Content starts

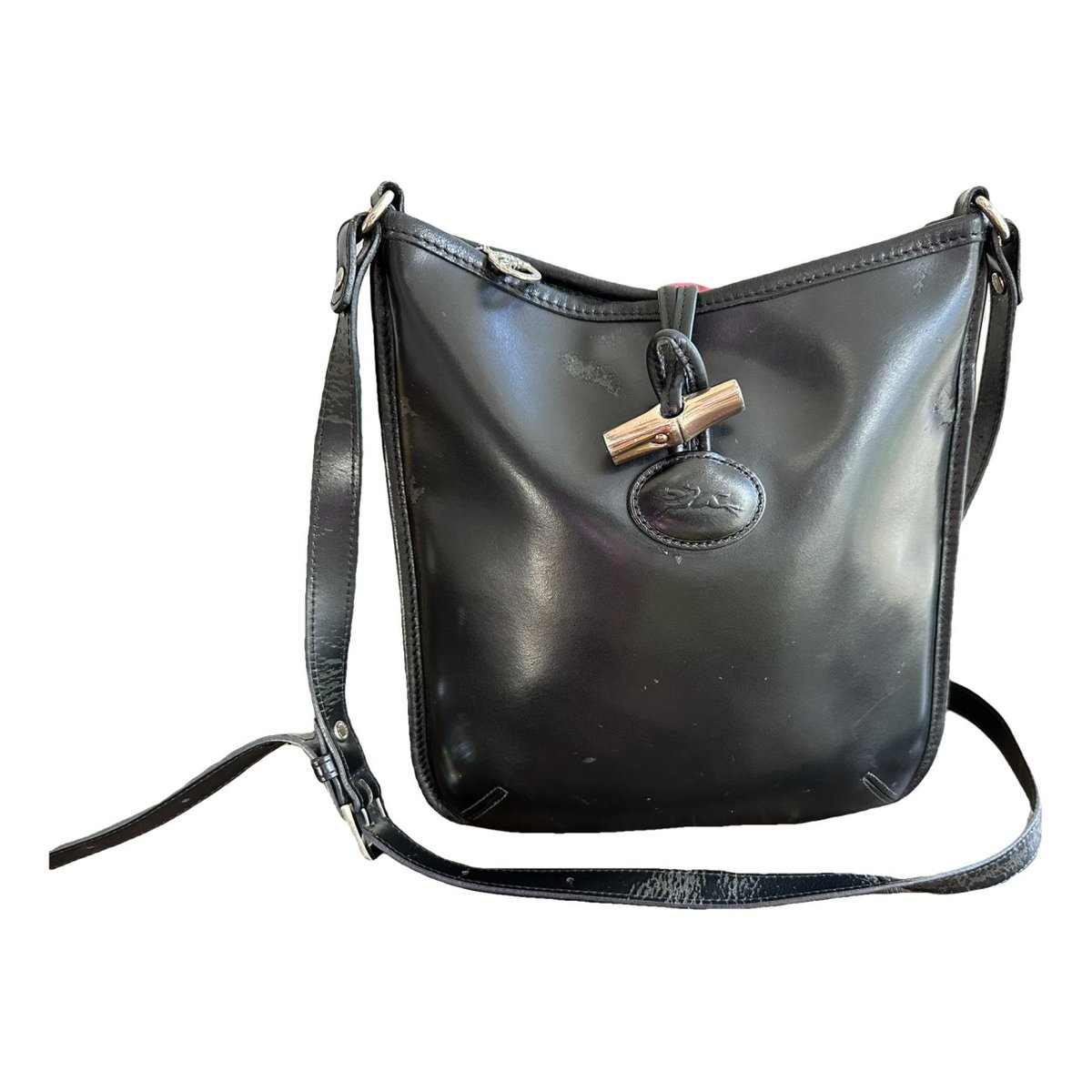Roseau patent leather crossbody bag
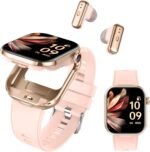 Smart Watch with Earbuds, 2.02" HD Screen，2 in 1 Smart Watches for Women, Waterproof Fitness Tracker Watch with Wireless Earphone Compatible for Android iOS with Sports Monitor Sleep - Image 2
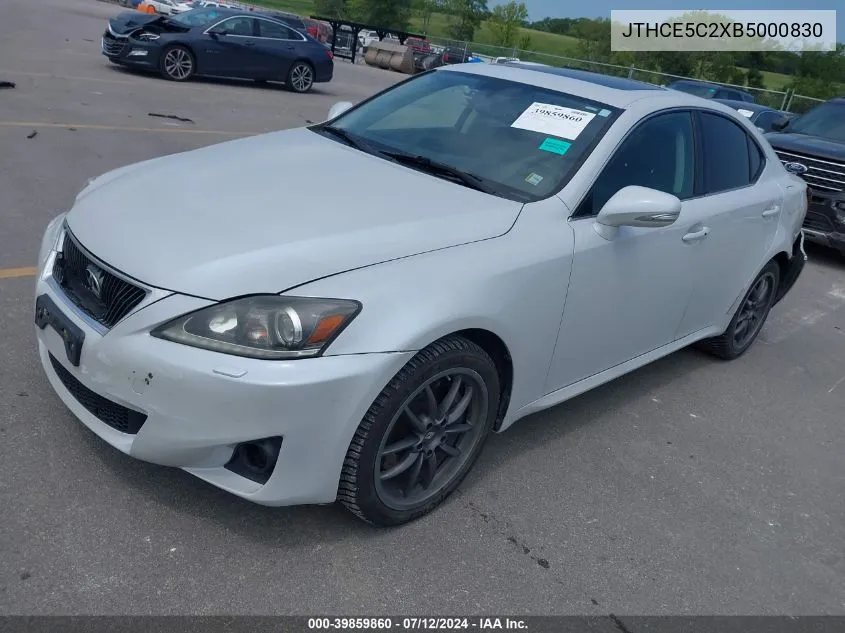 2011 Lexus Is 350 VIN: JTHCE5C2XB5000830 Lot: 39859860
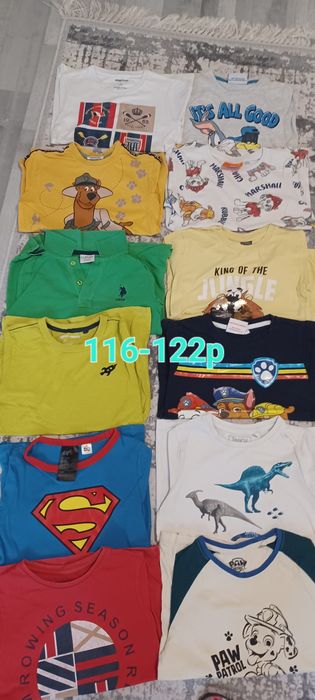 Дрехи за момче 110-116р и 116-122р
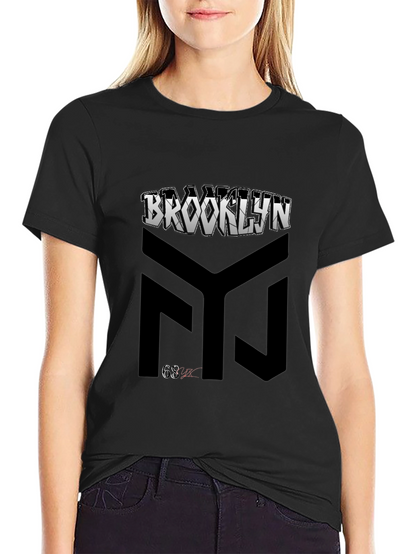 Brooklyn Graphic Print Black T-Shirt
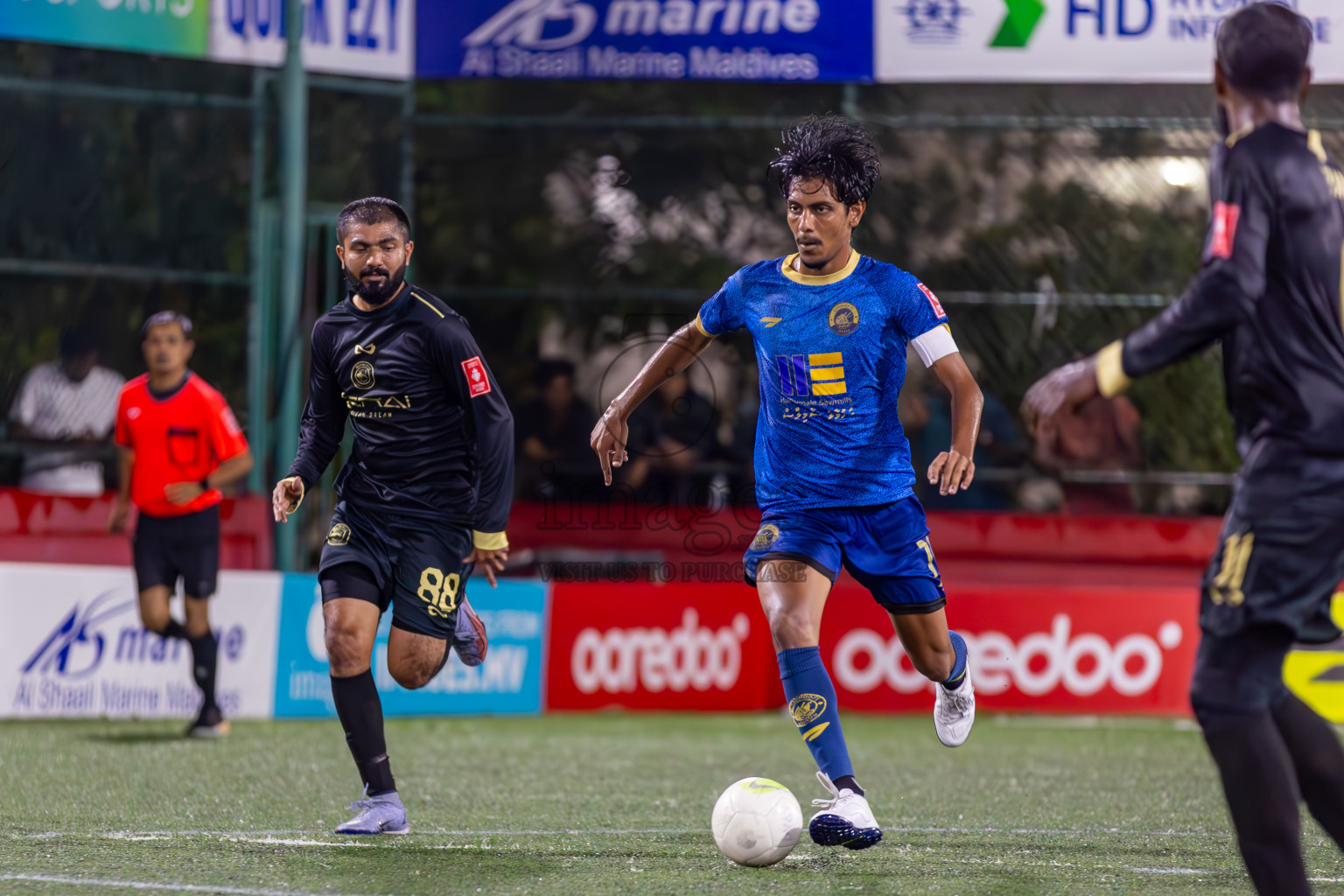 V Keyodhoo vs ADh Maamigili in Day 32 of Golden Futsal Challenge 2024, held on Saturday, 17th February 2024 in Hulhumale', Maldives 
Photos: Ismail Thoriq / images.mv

Content ends
Content starts

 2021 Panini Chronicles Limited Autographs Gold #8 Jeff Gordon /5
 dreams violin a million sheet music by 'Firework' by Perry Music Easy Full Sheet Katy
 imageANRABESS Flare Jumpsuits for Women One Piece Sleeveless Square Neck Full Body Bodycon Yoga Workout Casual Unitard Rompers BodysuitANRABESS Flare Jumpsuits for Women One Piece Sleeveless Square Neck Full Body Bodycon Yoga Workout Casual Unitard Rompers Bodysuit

Content ends
Content starts

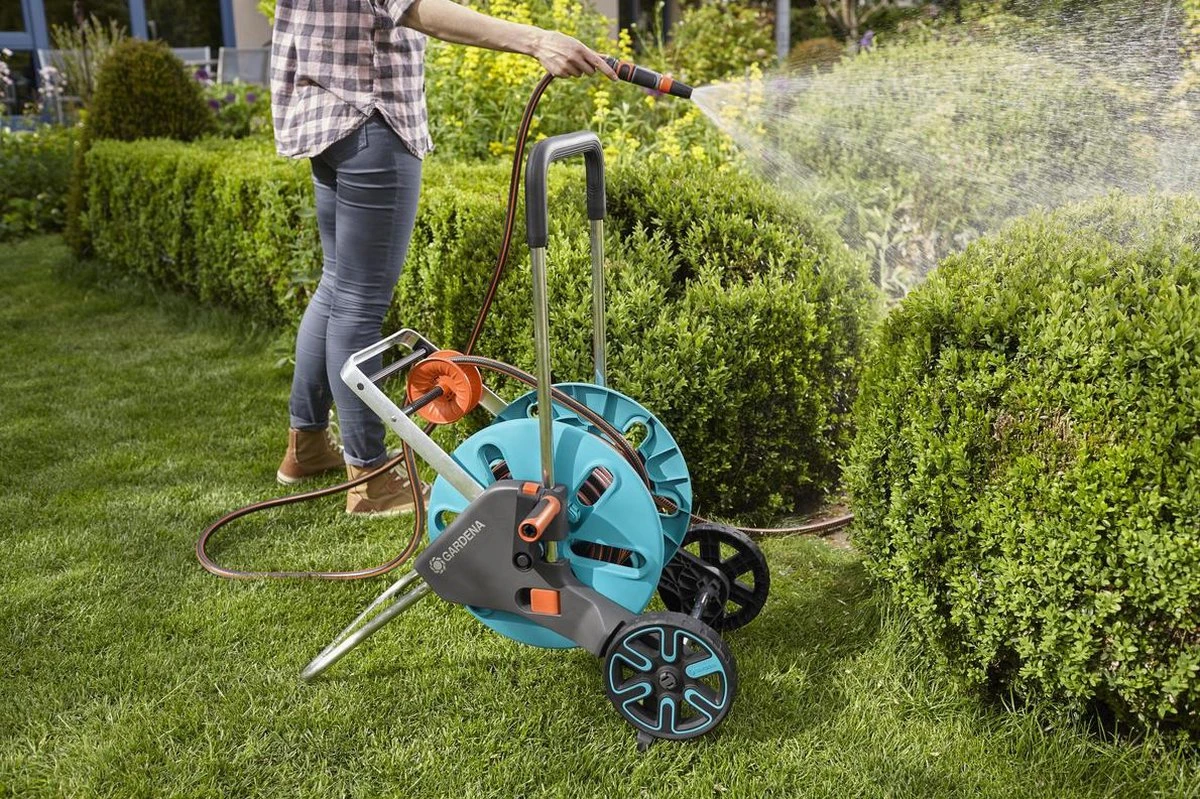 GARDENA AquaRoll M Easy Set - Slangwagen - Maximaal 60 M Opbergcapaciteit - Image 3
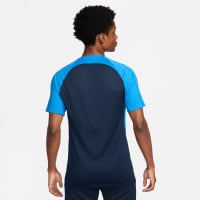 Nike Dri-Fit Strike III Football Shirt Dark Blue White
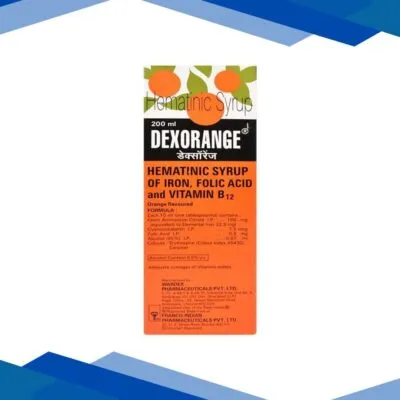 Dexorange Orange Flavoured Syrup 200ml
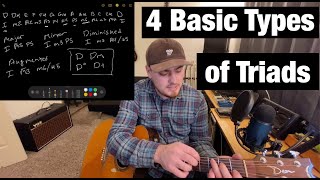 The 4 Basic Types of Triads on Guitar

Content ends

[The problem] Among the entries above, take the line with "Nike Dri-Fit Strike", the line with "The 4 Basic Types of Triads on Guitar", and all the lines between them, and restate them word for word without pictures.

[Written answer]
 Nike Dri-Fit Strike III Football Shirt Dark Blue White
 Dexorange Orange Flavoured Syrup 200ml
 The 4 Basic Types of Triads on Guitar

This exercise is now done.